* [Directions for this task] Extract, exactly as written, the line that contains "[AniMaunt] Boruto - 276" and all lines after it through the end of the records. Omit pictures.

* [Data]
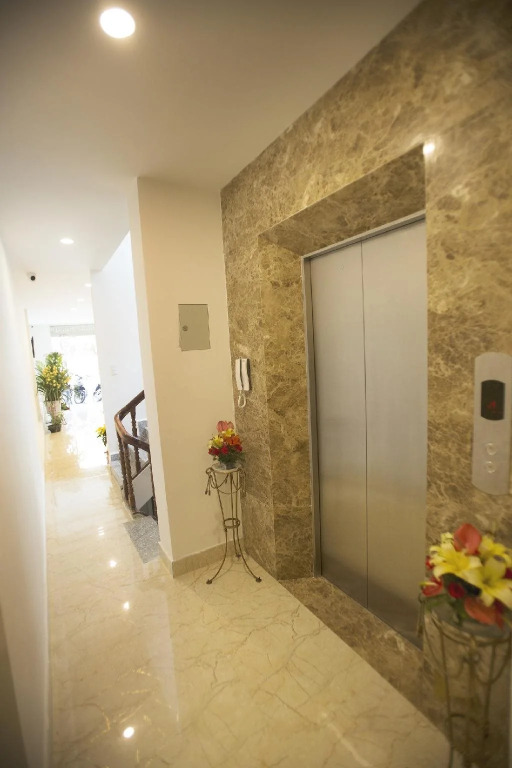 Thanh Thanh Hotel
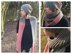 Mistake Rib Scarf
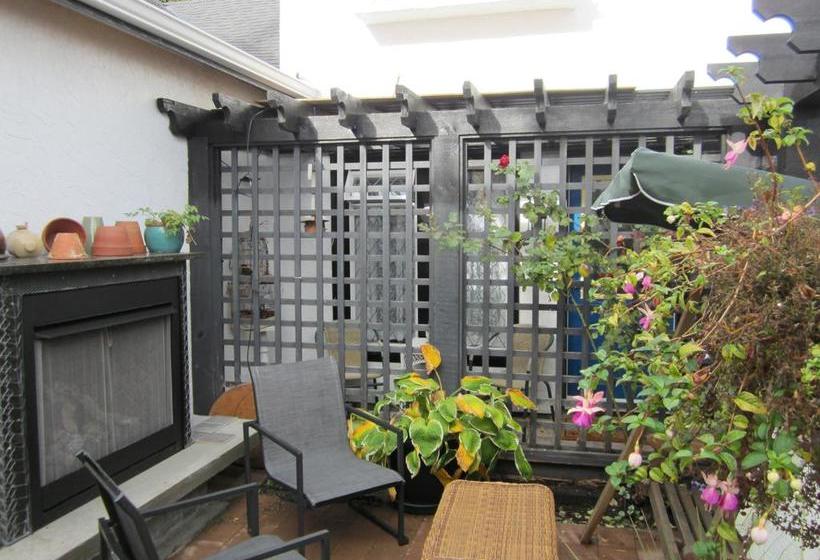 Bed and Breakfast Heathergate Cottage And Suites | Victoria | British Columbia | Canada 4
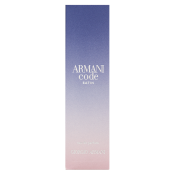 Armani (Giorgio Armani) Code Satin parfémovaná voda pre ženy 75 ml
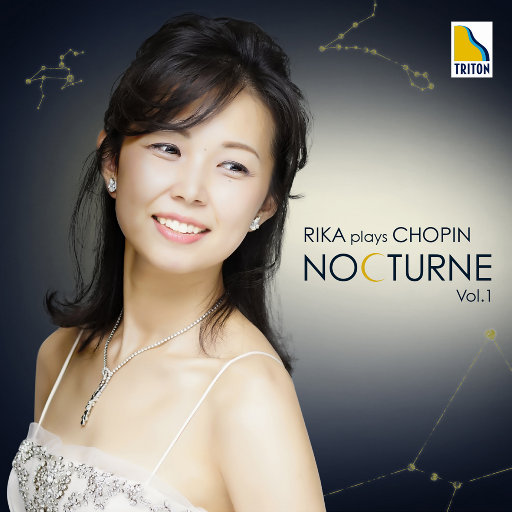 肖邦:夜曲 (Vol.1),宫谷理香 肖邦:夜曲 (Vol.1),宫谷理香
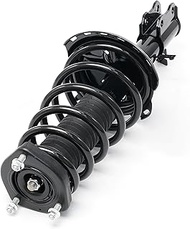 HL Mando New MSS050415A Complete Strut Assembly for 2004-2006 Lexus RX330 AWD, 2007 Lexus RX350 AWD,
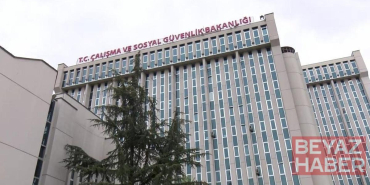 Çalışma belgelerinde sahteciliğe önlem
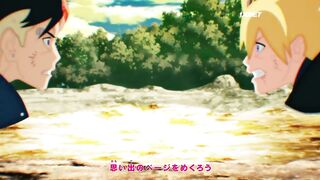 [AniMaunt] Boruto - 276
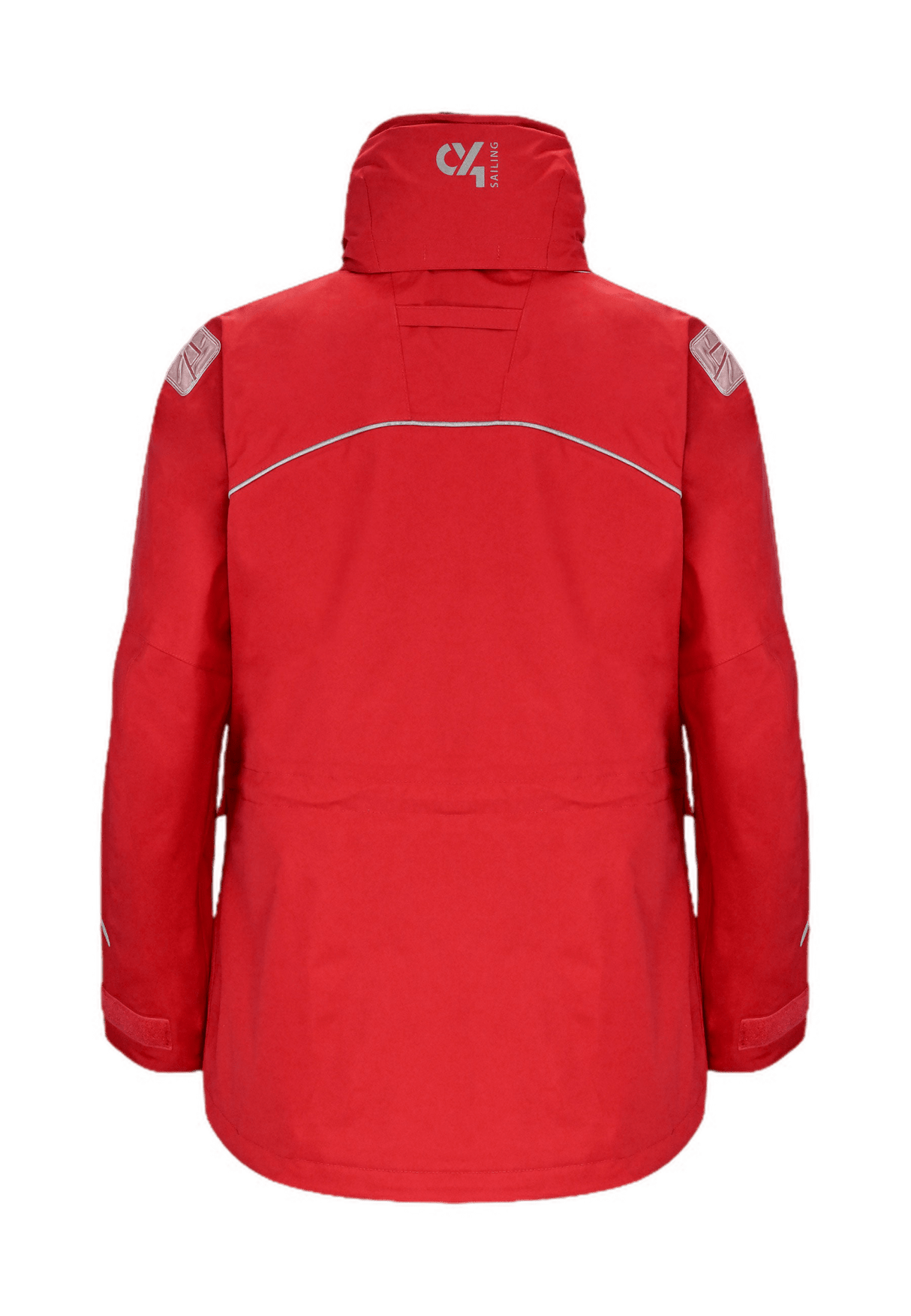 Damen Bergen II Offshore Segeljacke Jacken Crazy4Sailing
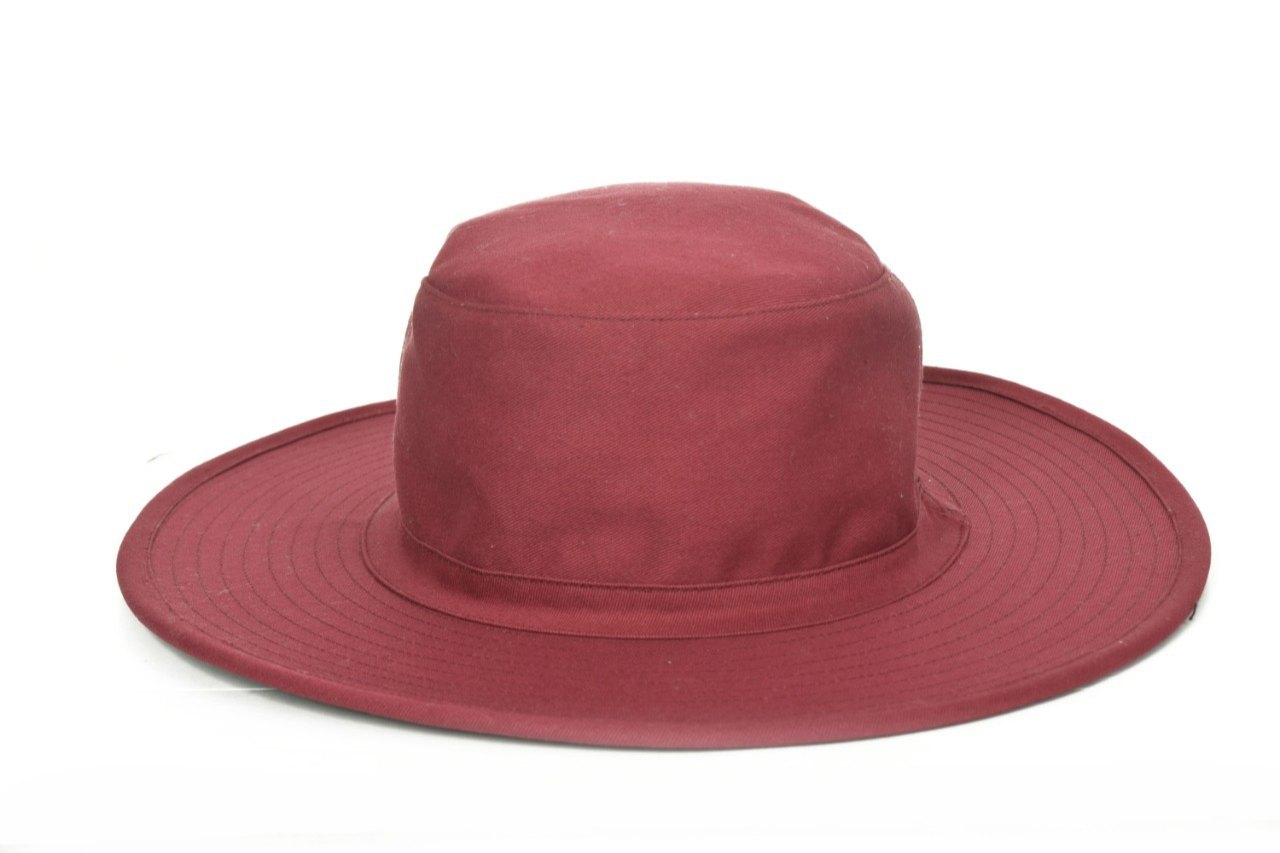 Round Hat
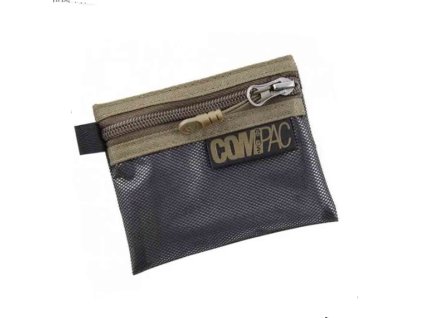 34354 korda compac wallet small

* [Your response]
 [AniMaunt] Boruto - 276
 Damen Bergen II Offshore Segeljacke Jacken Crazy4Sailing
 Round Hat
 34354 korda compac wallet small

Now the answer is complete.